Why not? You do it every time you use your phone...
I see what you're getting at. I just don't imagine that there's any sort of pressure from the patrons not to comply. I would imagine that the impact on repeat business is nearly zero.
This seems like a slippery slope. After hotels, what? Will bars have to keep electronic records of every ID they've scanned that night?
I'm not making any sort of ethical claim at all, so I don't know how it can be a slippery slope. I'm simply pointing out that the market mechanisms of today, however distorted they may be, are not going to punish business owners who do this. And I'm not convinced that the populace would care even in a far less distorted market.
Surely you can't be serious.
.
And then there's the failed San Fran requirement that bars install surveillance cameras and maintain video for the benefit of the PD that's being enforced by the cops anyway.
So how is this hotel guest registry different from cell tower records held by phone companies?
They're not letting the guests object. They're letting the hoteliers object.
Upon reading, in the cell tower case there was a court order, just not a search warrant. But such a court order is probably not even needed when confronting hoteliers. So little to be gained by this ruling.
They still can, only it will be an illegal arrest instead of a legal one. And nothing else will happen.
This is a terrific point.
It's a point that's often lost. Is it legal to record the cops? Yes. Will anything happen if a cop illegally arrests you for it? No. So is it really legal if a cop can arrest you for it?
By that logic everything is potentially ille... oh.
We're on a roll!
What's this "we" stuff, Canuckosabe?
How could anyone dissent from what amounts to a clear violation of the 4th Amendment? Especially Thomas. I am very surprised.
Are you? Their views on 4th Amendment due process are hardly surprising. Scalia has been known to sneer at anything which suggests the guilt finding process in this country's lower courts is less-than-perfect, even bringing up examples in his opinions of death penalty convictions to show the system works that were later overturned.
Scalia = Tulpa. Got it.
Perhaps because they think it did not go far enough?

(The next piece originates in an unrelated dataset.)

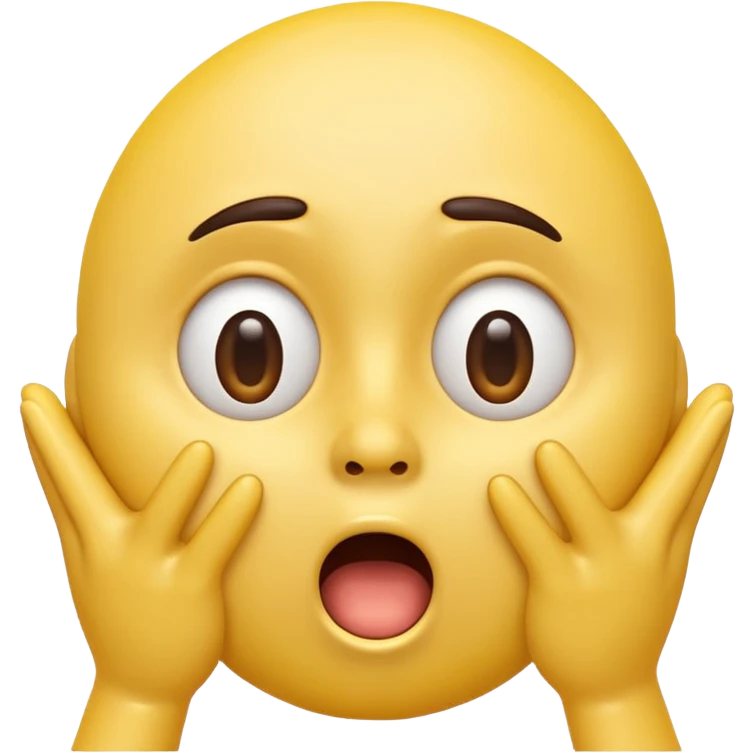 A 3D glossy yellow emoji of a shocked horrified face with no nose, with mouth and eyes are wide open, eyebrows  raised, and hands against their cheeks, black background, high quality, soft studio lighting emoji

It is possible, but unlikely.
Highly unlikely. They could have just written a concurrence if that was the case which goes further than the majority opinion and not a dissent which comes to an opposite conclusion as the majority.
When cops are involved, Scalia is the first one on his knees ready to suck them off.
Where is PappaSmurF?
Once again, we see the dangers of Democratic Republican Presidents making Supreme Court appointments.
Can we merge Sotomayor's 4th Amendment views with Alito's 5th Amendment views somehow?
Don't do it, you might get Alito's 4th Amendment views merged with Sotomayer's 5th Amendment views!
Oh God
Is there any hope this ruling will impact secondhand goods ordinances which require businesses to provide inventories to law enforcement (see attached)?
http://amestrib.com/news/ames-.....-ordinance
Kinda scary it was only a 5-4 vote
Because hotel registries are neither papers nor effects.
Got it.
Scalia is bipolar. Half the time he supports civil rights, the other half he fellates cops.
He is okay on some civil rights issues -- he doesn't seem to believe in indefinite detentions, though he wobbles on that when it comes to "terrorists" -- but generally absolutely terrible.
He's the one who said "actual innocence is irrelevant under the 4th Amendment" (paraphrasing). While technically true, he doesn't believe sending an innocent person to death, even based on prosecutorial misconduct or on evidence which would have actually been impossible to uncover at trial, is somehow a failure of due process.
Every justice has a set of issues where they favor liberty and a set where they don't. In other words, no justice actually favors liberty, in and of itself.
Kennedy is getting better on the 4th Amendment cases, slowly but surely. I read somewhere he had an epiphany on the cruelty many defendants endure at the hands of our criminal justice system.
On those rare instances where a hotel operator needs a good beating at the hands of the police.
Cue "exigent circumstances" claims in 3?2?